» PROMPT
The output should be the listing below, limited to the lines from the one with "Hi everyone, this" through the one with "Welcome to Hup", exact and without pictures.

» RECORD SET
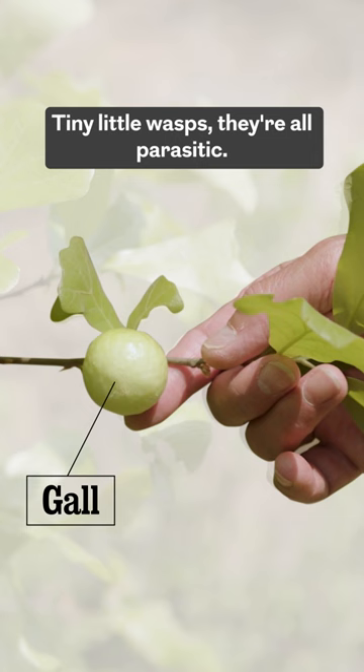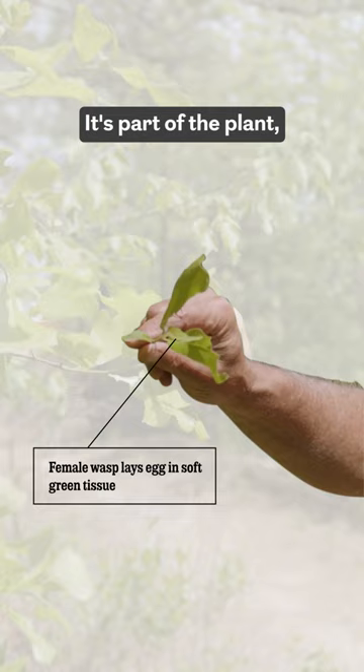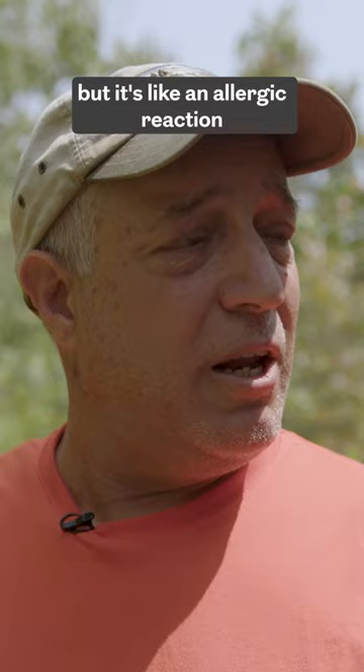There are so many different species of gall-forming wasps — tiny little wasps, they're all parasitic. The female lays her eggs in the soft end tissue. See where the tissue is real green and soft? You know, the new tissue.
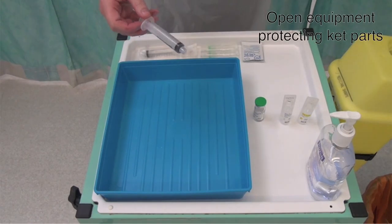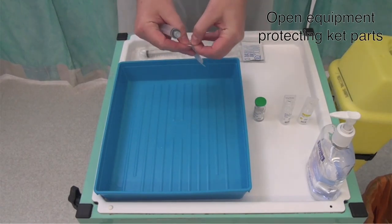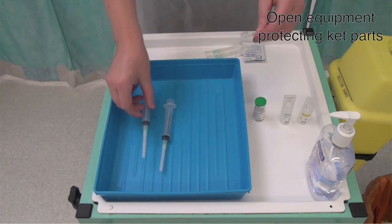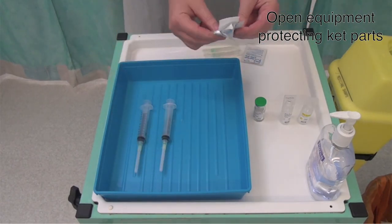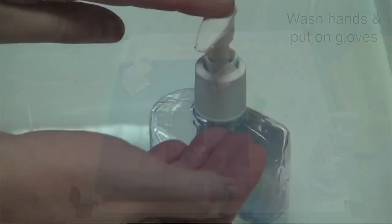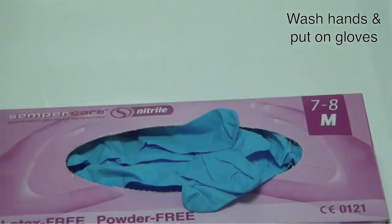Make sure the key parts of the needles and syringes are protected by attaching them together before placing them in the tray. Open the wipes ready for use. Wash your hands and put on a pair of gloves.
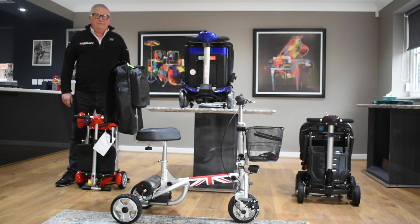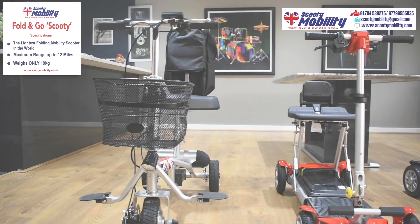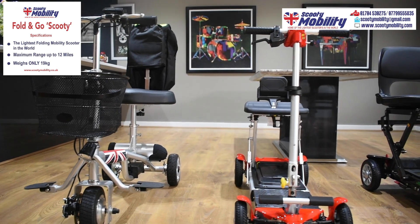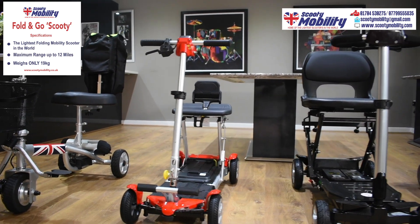Hi and welcome to our review. The scooter that we're about to see is the lightest scooter in the world at only 13 kilograms. It's unique to us and it's called the Scooty. We do sell a selection of other lightweight folding scooters as well and you'll find videos of those on our website.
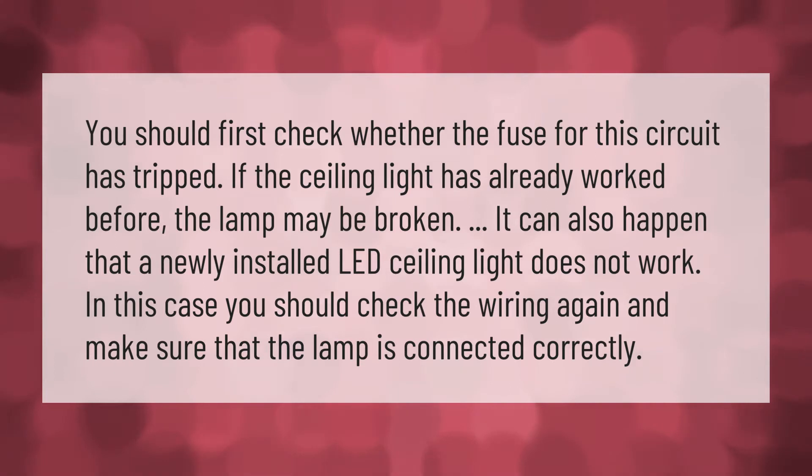In this case, you should check the wiring again and make sure that the lamp is connected correctly.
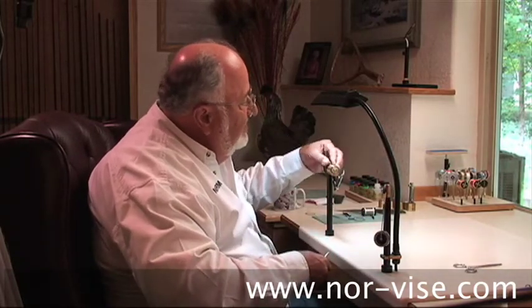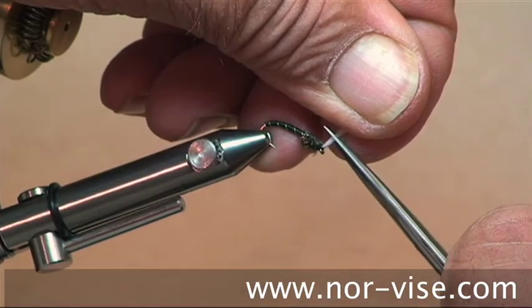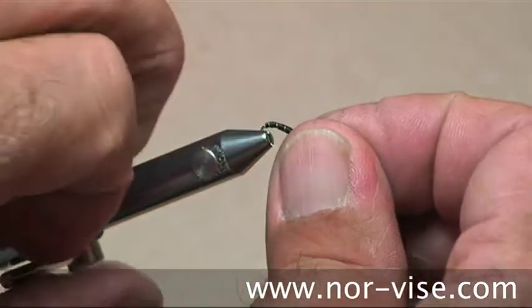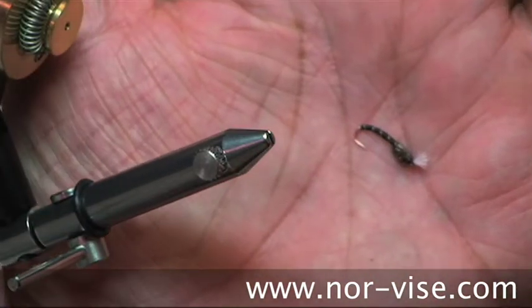Now you want to trim these gills — as the Canadians say, about three millimeters, or we say about a quarter to an eighth of an inch. About like this. And that's what those little beauties really look like. I'll tell you, they do fish well. So you can see how that looks — isn't that neat?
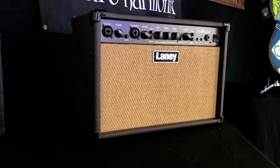Hi everyone, this is Nick with NewarkMusical.com and today we're taking a look at the Laney LA30D Acoustic Guitar Amplifier.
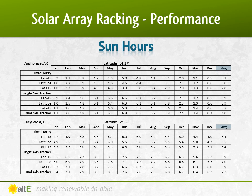For example, you can see that in Key West, setting a fixed array at latitude gives you an annual average of 5.5 sun hours. A single axis tracker also set at latitude would increase that output by almost 30% to 7 sun hours. But going up to a dual axis tracker that also changes the tilt seasonally only adds another 0.2 sun hours on top of that, so it may not be worth it to you.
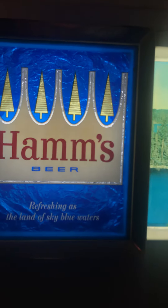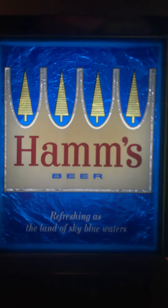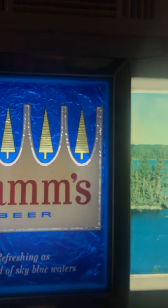If you notice here in this big Ham's logo section, I didn't do this — the prior owner did. I've seen it in other signs: guys take tinfoil and put it in there. So that's tinfoil in the back, which just kind of gives it a cool look. And then there's a little scene on the other side, so just kind of neat.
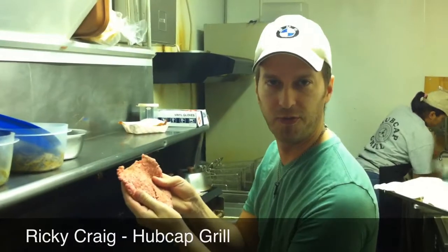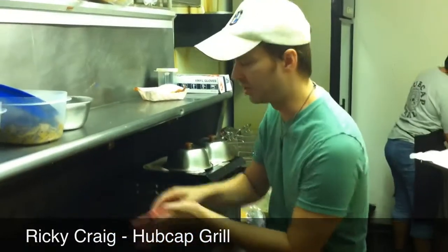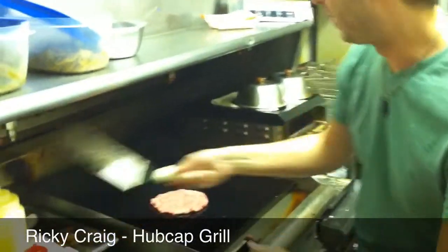Welcome to Hup Tap Grill. Our burgers are hand formed, never frozen fresh beef. We use a hot temperature on the grill to get a good sear on the meat. All patties are hand formed.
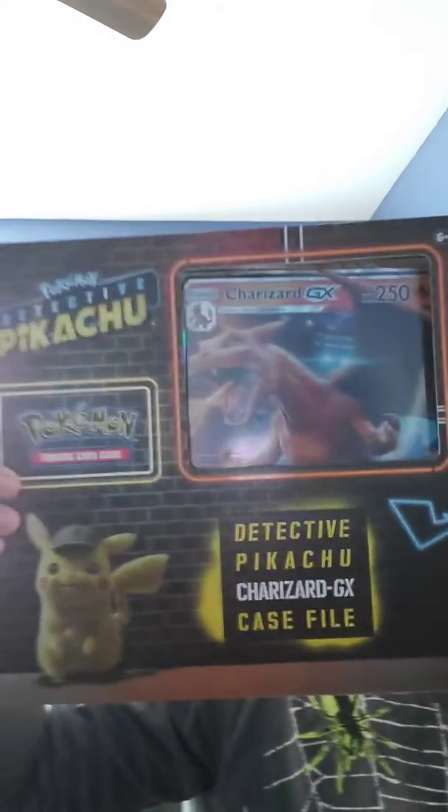Hey guys, welcome back to my channel. So today we're gonna be unboxing Pokemon Detective Pikachu Pokemon cards. Let's start off with opening the box.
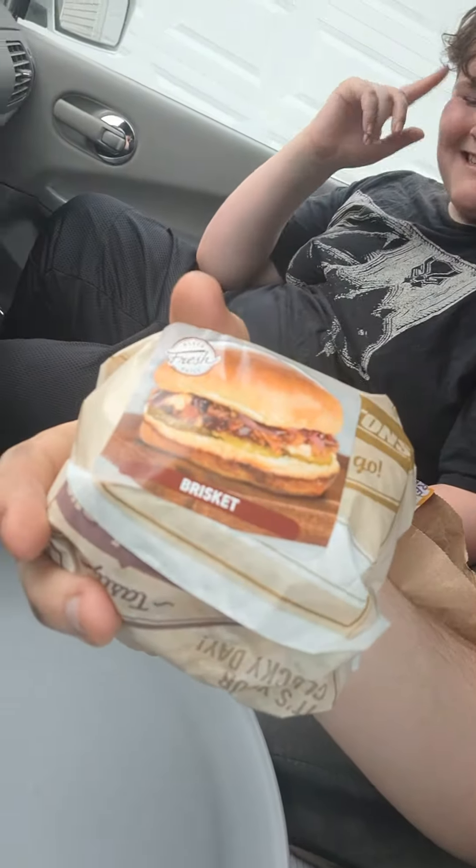First up, we got another gas station find. This is the brisket sandwich from Thornton's. So let's see how they do. There's some pickles on here, which I don't think you really need for brisket.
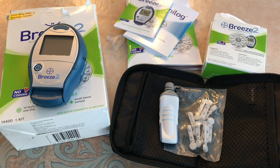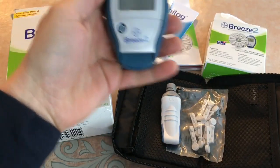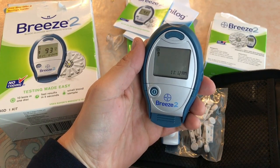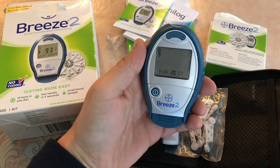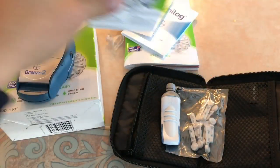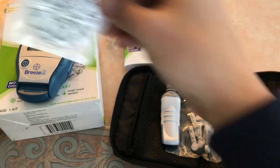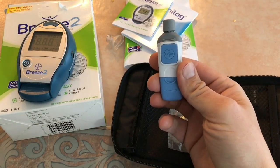Here is a new blood glucose tester I got called the Breeze 2. What I really like about this one is that inside of it — you can see there the number 9 — it holds 10 blood strips in there. It comes in this round package with sealed blood strips inside. It opens up, you place those inside, and it's super convenient.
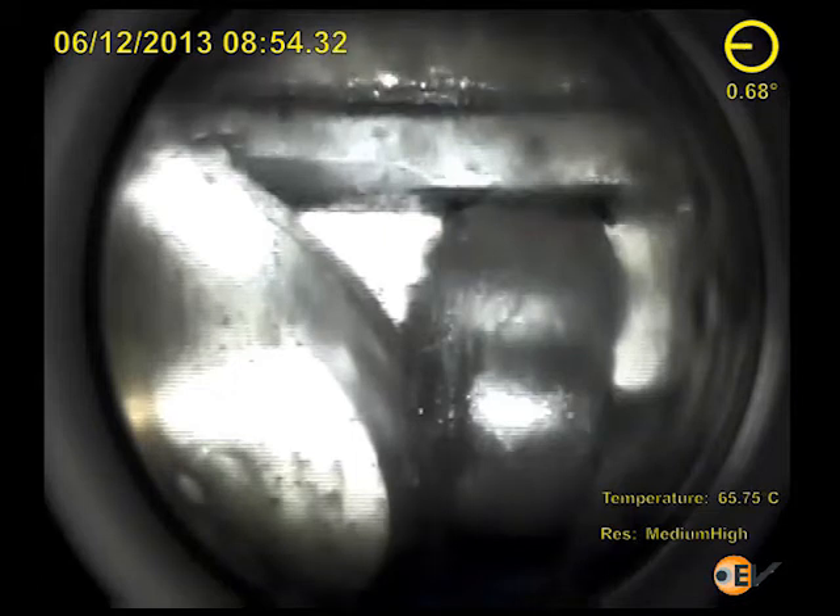In the next frame, we are looking at the side view confirmation of debris on the lower left side of the flapper. Although it should not be there, it is not evident that this is the cause of failure.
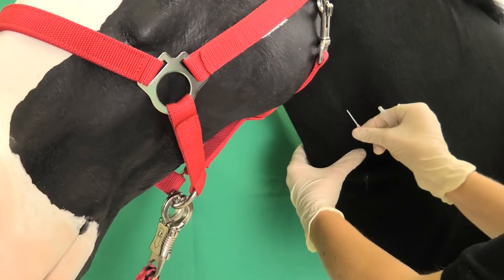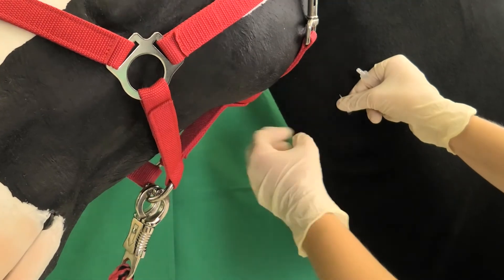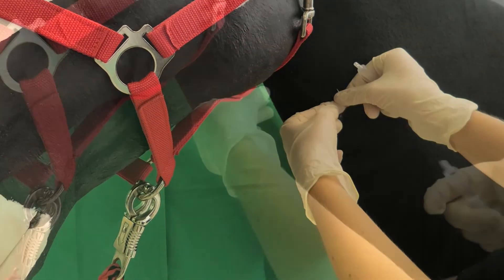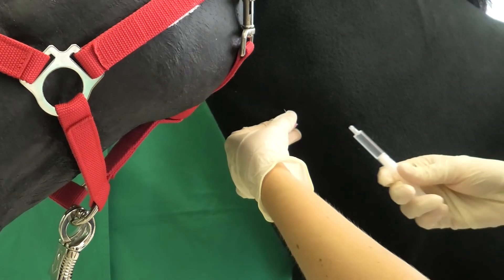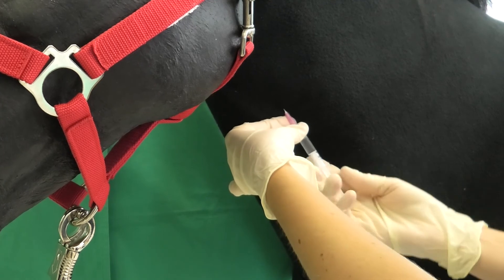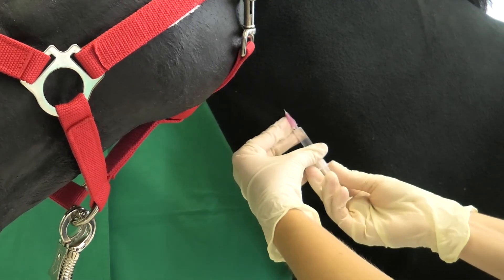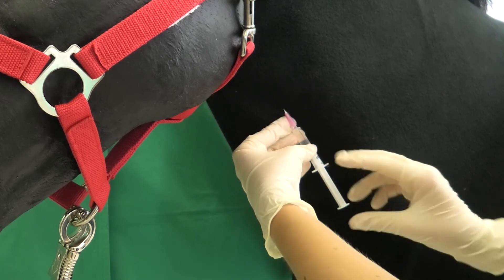The cannula is then advanced parallel to the course of the vein up till the cone. The left hand now takes hold of the cannula. The thumb and index finger hold the cone in place until the cannula is removed. The remaining fingers of the left hand can be used to block the vein below the cannula. The right hand can now attach the prepared syringe. Aspiration of a small amount of blood can be used to recheck that the cannula is properly seated in the vein.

» ANSWER TO THIS TASK
Hi everyone, this is Nick with NewarkMusical.com and today we're taking a look at the Laney LA30D Acoustic Guitar Amplifier.
For example, you can see that in Key West, setting a fixed array at latitude gives you an annual average of 5.5 sun hours. A single axis tracker also set at latitude would increase that output by almost 30% to 7 sun hours. But going up to a dual axis tracker that also changes the tilt seasonally only adds another 0.2 sun hours on top of that, so it may not be worth it to you.
If you notice here in this big Ham's logo section, I didn't do this — the prior owner did. I've seen it in other signs: guys take tinfoil and put it in there. So that's tinfoil in the back, which just kind of gives it a cool look. And then there's a little scene on the other side, so just kind of neat.
Welcome to Hup Tap Grill. Our burgers are hand formed, never frozen fresh beef. We use a hot temperature on the grill to get a good sear on the meat. All patties are hand formed.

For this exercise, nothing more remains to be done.